Would you reproduce exactly the lines below from the one holding "Lilly Pulitzer Large" through the one holding "Haute Dolci menu", inclusive, and no others?

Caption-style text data
* * * * * * * * *

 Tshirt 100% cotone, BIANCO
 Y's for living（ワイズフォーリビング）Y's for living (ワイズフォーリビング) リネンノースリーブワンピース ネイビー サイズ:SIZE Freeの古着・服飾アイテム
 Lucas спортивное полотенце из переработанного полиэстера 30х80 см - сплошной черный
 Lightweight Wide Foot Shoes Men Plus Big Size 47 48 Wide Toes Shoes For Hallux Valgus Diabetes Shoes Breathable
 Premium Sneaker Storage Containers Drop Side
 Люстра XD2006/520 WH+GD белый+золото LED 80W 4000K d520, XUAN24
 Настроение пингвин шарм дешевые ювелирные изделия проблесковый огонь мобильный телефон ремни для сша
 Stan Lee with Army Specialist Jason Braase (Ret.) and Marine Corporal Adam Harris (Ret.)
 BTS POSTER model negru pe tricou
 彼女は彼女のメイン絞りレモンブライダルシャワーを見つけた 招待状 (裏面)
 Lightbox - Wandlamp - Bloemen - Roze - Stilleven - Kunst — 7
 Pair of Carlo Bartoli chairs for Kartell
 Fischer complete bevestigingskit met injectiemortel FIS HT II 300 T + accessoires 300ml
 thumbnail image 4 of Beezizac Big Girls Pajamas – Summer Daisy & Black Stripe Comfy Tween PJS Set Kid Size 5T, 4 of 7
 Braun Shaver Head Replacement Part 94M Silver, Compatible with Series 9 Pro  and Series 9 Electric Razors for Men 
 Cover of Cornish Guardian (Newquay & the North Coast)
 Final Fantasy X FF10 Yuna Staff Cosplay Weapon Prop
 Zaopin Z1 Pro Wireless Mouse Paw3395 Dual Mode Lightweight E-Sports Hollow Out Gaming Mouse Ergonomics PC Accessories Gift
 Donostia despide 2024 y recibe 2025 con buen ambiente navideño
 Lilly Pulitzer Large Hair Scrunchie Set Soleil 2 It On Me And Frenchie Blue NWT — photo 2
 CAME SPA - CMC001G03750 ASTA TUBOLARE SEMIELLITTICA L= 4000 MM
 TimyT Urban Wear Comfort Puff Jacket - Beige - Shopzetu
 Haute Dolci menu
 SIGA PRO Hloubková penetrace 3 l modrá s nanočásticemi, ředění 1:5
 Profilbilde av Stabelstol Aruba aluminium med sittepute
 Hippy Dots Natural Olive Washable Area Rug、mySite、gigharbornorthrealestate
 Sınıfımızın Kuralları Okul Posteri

* * * * * * * * *

Worked solution:
 Lilly Pulitzer Large Hair Scrunchie Set Soleil 2 It On Me And Frenchie Blue NWT — photo 2
 CAME SPA - CMC001G03750 ASTA TUBOLARE SEMIELLITTICA L= 4000 MM
 TimyT Urban Wear Comfort Puff Jacket - Beige - Shopzetu
 Haute Dolci menu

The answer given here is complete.